Me parece que te estás haciendo un poco institucional.

Anónimo dijo...

No se dan 5 horas a la semana realmente. Si un TU/TEU da 360 h, si lo divides entre 30 semanas lectivas (aprox), son 12 h/sem. es decir 2,5 h/dia.
Pero el problema no es ese, sino que hay gente que hasta que salió esta norma daba como mucho 14-16 créditos y además no investigaba. Esos son los parásitos a los que hay que eliminar!!!!!!

Anónimo dijo...

Echo de menos en estas reflexiones algo que caracteriza también a estos parásitos: el altísimo nivel de éxito que asoma en sus actas ¡cuántos alumnos aprueban la asignatura con ellos!.
Por supuesto que es preocupante que cobren sueldo público sin cumplir sus obligaciones, pero más aún el daño que hacen a la formación de las futuras generaciones.
Saludos

Anónimo dijo...

Muy buen artículo y muy buenos comentarios (con una excepción... parece que hay un "sin sexenio" ofendido).

Me parece interesante la apreciación que hace un comentarista anónimo:

> Echo de menos en estas reflexiones algo que caracteriza también a estos parásitos: el altísimo nivel de éxito que asoma en sus actas ¡cuántos alumnos aprueban la asignatura con ellos!

Completamente de acuerdo. Ahora, con la Estafa de Bolonia, hay facultades que han establecido como "criterio de calidad" que en promedio tiene que aprobar el 70% de los alumnos matriculados... sepan o no, vayan a clase o no, se presenten a los exámenes o no.

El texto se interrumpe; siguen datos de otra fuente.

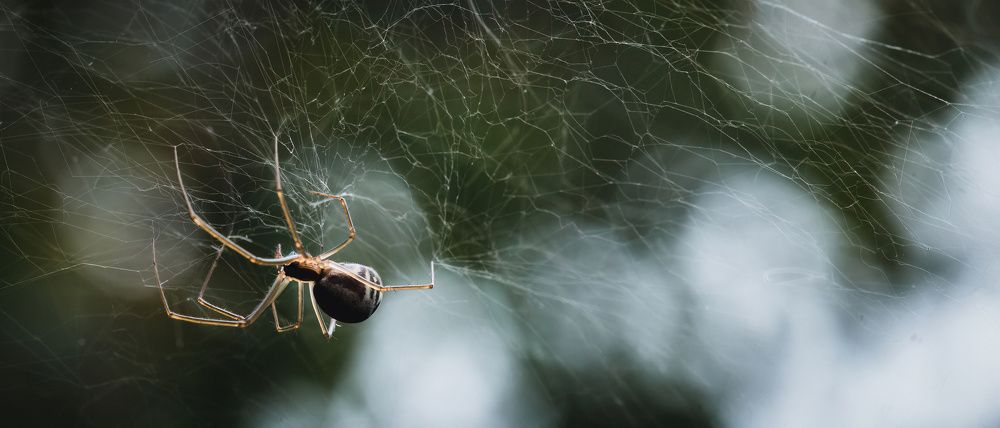 Photograph by Степан Ковыльчик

Los "sin sexenios" que yo conozco están a la cabeza en las lista de aprobados y salen de puta madre en las encuestitas anónimas que hacen a los alumnos (y que, en algunas universidades de mierda, son determinantes para conseguir los quinquenios).

Guti dijo...

Sin ánimo de hacer una enmienda a la totalidad del artículo, porque sí, existe alguna gente (ALGUNA) que consigue montárselo más o menos como se describe. Pero...

Supongo que el autor del artículo ha dado clase. Y si lo ha hecho, sabrá que su cálculo está bastante mal. Incluso sin investigar, sin asumir tareas de gestión, sin buscar la excelencia y sin nada más, una hora de clase no es una hora de trabajo. Cinco horas diarias de clase universitaria, dada con unas mínimas garantías, no las aguanta cuerpo humano, por todo lo que conllevan.

Por cierto, ¿qué hacemos con los parásitos que hay en las empresas, en las familias... Qué hacemos con las ovejas negras, con toda la gente que hay impune en tantos ámbitos y de tantas formas?

Pues no lo sé, si tuviéramos la solución mejoraríamos la humanidad en cuatro días. Pero lo que no se suele hacer es descalificar globalmente a toda la especie de esa oveja negra, porque de una injusticia pasaríamos a dos. Con los profesores universitarios se hace esto muy a menudo. La inmensa mayoría que hace su trabajo dignamente es víctima de las ovejas negras, y encima del desprecio de gente simplista que cuenta horas de clase (ya sé que el propósito de este artículo no es ese).